United States District Court, C.D. Illinois

November 8, 2019

LT. LISA WHITE, et al., Defendants.



         Plaintiff, proceeding pro se and currently incarcerated at the Dixon Correctional Center, files an amended complaint under 42 U.S.C. § 1983 action alleging deliberate indifference, excessive force and unconstitutional conditions of confinement at the Coles County Jail (“Jail”). The case is before the Court for a merit review pursuant to 28 U.S.C. § 1915A. In reviewing the Complaint, the Court accepts the factual allegations as true, liberally construing them in Plaintiff's favor. Turley v. Rednour, 729 F.3d 645, 649-51 (7th Cir. 2013). However, conclusory statements and labels are insufficient. Enough facts must be provided to “state a claim for relief that is plausible on its face.” Alexander v. United States, 721 F.3d 418, 422 (7th Cir. 2013)(citation and internal quotation marks omitted). While the pleading standard does not require “detailed factual allegations”, it requires “more than an unadorned, the-defendant-unlawfully-harmed-me accusation.” Wilson v. Ryker, 451 Fed.Appx. 588, 589 (7th Cir. 2011) quoting Ashcroft v. Iqbal, 556 U.S. 662, 678 (2009).

         On April 3, 2017, Plaintiff was confined at the Jail where he had been on suicide watch for an undisclosed period. Plaintiff complains that on that date and for the next two weeks, Defendant Lieutenant Lisa White kept him on suicide watch even though he was no longer “actively suicidal.” He also claims that Defendant White kept him in a cell which was very cold and provided him only a smock, without a cot or blanket.

         On May 4, 2017, Plaintiff was taken to state court for a hearing scheduled by Plaintiff's public defender who was requesting that Plaintiff undergo a mental health evaluation and potential hospitalization. Plaintiff claims that while walking into court, he swallowed a small piece of a razor blade, not indicating how he came to be in possession of it. Plaintiff told his attorney who, in turn, informed the presiding judge, Defendant James R Glenn. Counsel requested that Plaintiff be taken to the hospital for medical attention.
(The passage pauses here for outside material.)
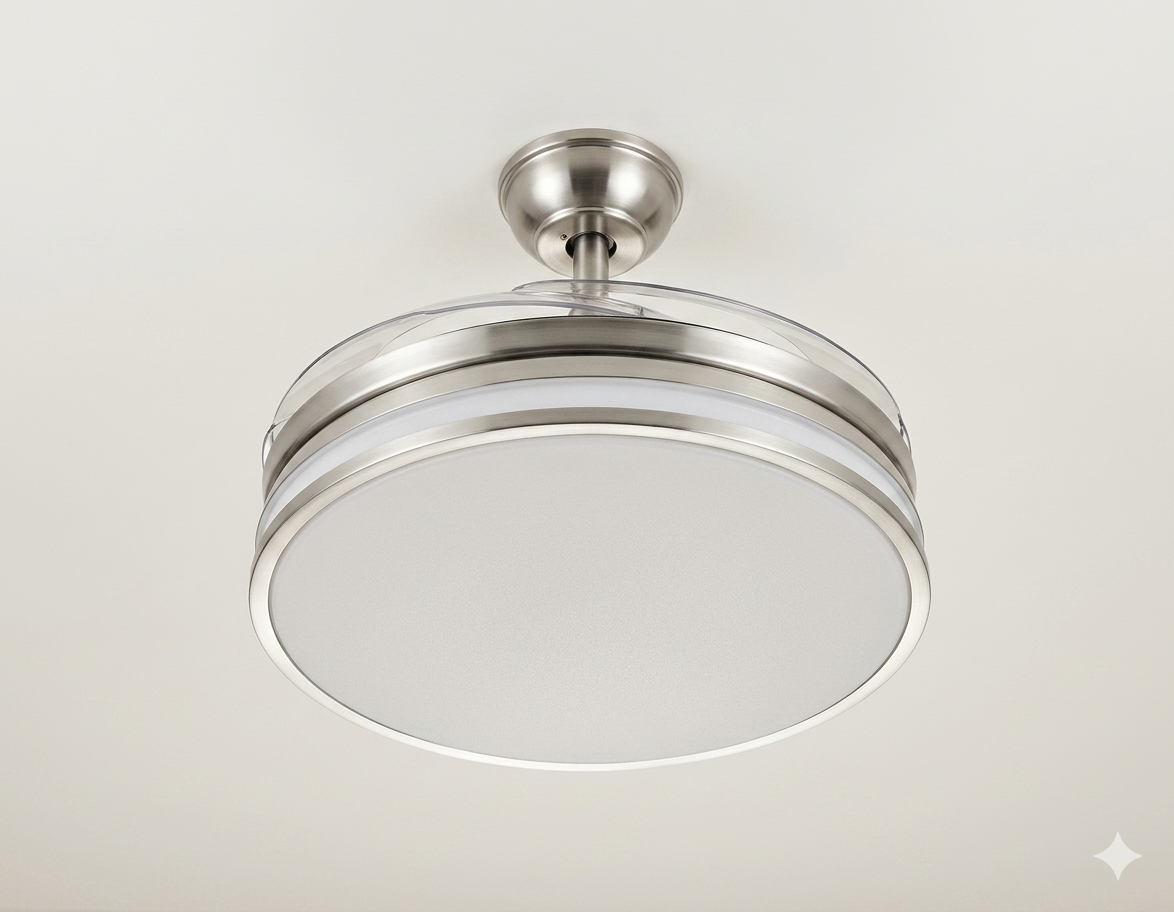 Chandelier LED 9067 36W Chrome s ventilatorom (TEKFAN)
Plaintiff, however, refused to go voluntarily, claiming that if he were taken, it would have to be by ambulance.

         While in court, Plaintiff he was escorted by Officer Kastl, believed to be a court employee. While Counsel and the Judge were speaking, Plaintiff attempted to pull away from Officer Kastl to “bang his head on the bench.” Officer Kastl shook Plaintiff out of the room and tackled him in the hallway. Plaintiff began kicking, telling the officer that he would take his gun and shoot himself. Plaintiff does not name Officer Kastl as a Defendant and does not claim that the Officer engaged in excessive force. Plaintiff was thereafter returned to the Jail, apparently without having been taken to the hospital.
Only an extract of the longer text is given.